Webhosts View on IIS and Microsofts new FastCGI Module
Submitted by Dominic Ryan on Wed, 2007-02-14 11:47.
Today I am interviewing Alex Schoenmaker of SoHosted.com regarding IIS and the new Technical Preview 2 of Microsoft's forthcoming FastCGI module. Alex, can you tell us a bit about yourself and what your company does?
I'm Alex Schoenmaker, and I work as a technical engineer at SoHosted. SoHosted is a dutch webhosting company located in the north of the Netherlands. Our main business are Windows based shared webhosting. Currently we have over 10,000 active customers hosting over 17,000 domains. More than 10,000 of those domains are hosting PHP applications.The enthusiasm of Microsoft's IIS team to put time and effort into developing the FastCGI module and think outside the ASP/.NET square is really encouraging, especially with the pressures of the upcoming Windows Longhorn Server release. What are the main needs you require as a hosting provider that the Microsoft IIS platform currently does not offer?
Commandline-tools, which (as far as I know) will be available in IIS7. The main issue when growing as a webhosting provider is that you need to have the time to for fil the needs of your customer. Having to do such things manually takes a lot of time. Time you could have put in developing or researching. For example installing ISAPI filters (URL rewriters, Hotlinking prevention, etc.) is a bit of a time taker for us at this moment. Not just installing or configuring, but notifying the customer as well. We have automated many things by creating VBS scripts, but once commandline-tools will be available we can script many things into our customer panel. This will allow us to leave for filled projects behind giving the customer the ability to enable or disable features themselves, thus giving us the time to start working on new projects. Another thing we'd really like to see is IIS recovering from ASP or PHP deadlocks itself (or not deadlock at all ;)). And last but not least, being able to host PHP on Windows the way it's meant to be.What do you see being the main advantages with Microsoft's FastCGI module over the existing community developed FastCGI module for PHP?

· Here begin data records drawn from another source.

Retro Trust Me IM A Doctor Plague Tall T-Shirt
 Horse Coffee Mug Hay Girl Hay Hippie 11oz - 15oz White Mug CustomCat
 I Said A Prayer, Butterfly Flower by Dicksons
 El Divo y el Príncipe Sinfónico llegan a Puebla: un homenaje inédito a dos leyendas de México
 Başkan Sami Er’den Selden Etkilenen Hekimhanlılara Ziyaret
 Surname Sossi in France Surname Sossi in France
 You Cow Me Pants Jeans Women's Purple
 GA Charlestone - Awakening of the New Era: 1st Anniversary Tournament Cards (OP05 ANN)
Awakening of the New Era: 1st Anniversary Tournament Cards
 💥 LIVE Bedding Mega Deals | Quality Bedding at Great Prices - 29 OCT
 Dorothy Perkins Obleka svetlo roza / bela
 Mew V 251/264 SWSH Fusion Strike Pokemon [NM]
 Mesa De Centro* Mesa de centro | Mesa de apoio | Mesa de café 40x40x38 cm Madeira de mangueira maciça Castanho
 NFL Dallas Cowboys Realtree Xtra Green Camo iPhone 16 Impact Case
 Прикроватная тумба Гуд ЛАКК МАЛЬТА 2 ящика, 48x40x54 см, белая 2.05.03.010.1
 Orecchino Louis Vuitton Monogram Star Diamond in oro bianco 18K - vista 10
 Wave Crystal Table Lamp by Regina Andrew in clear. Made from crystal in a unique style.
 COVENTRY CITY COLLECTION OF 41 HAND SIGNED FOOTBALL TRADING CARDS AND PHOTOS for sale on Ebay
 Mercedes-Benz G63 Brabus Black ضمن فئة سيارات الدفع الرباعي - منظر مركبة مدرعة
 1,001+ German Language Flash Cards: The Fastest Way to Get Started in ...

The existing FastCGI module is, for us, really primitive. It lacks stability and tweaking, especially in a shared webhosting environment. We all know what is wrong with running PHP as ISAPI and CGI. ISAPI has the speed benefits, but lacks stability. CGI is known for it's stability, but lacks speed. FastCGI seems the right way to go. This is however, because IIS lacks stability when running as ISAPI. This has been going on for years, and I was truely amazed when I read the IIS-team was going to put effort into a new FastCGI module! For us the current community FastCGI module has several flaws. The main most important one for us is stability. On many occasions we experience php.exe to deadlock, use up to a GigaByte of memory, or use up all CPU until the process is killed. Whilst these seem PHP related errors, the FastCGI module should clean up these processes, which it doesn't. At this moment we're enforced run a scheduled (VBS) task every five minutes to check if the PHP environment is healthy or if a deadlock is present. It lacks support for common PHP server variables, such as document_root. ODBC on Access Databases fail. The amount of php.exe's resident in memory are managed per application pool (which is a bad thing). IIS however does not look at which php.exe process belongs to what application pool. PHP's environment settings are being cached when a php.exe has been spawned, instead of a realtime check (like ISAPI or CGI). The user's environment (for example timezone) depends on which php.exe your request will be parsed by. Microsoft's FastCGI module will fix all our current troubles hosting PHP. No doubt about it. We've tested Microsoft's FastCGI thoroughly and can't as of this moment say anything else than being impressed. We do however hope that impersonation issues with PHP4 will be fixed, otherwise we'll be forced to keep using the community FastCGI module for PHP4 and use Microsoft's FastCGI for PHP5.Once it is production stable, what will Microsoft's FastCGI module enable you do do for you and your customers which you previously weren't able to do?
We'll be able to look into future, instead of hassling with the past. Deliver PHP as it's ment to be, and for once and for all really get past by people still tending to choose UNIX instead of Windows based hosting for PHP.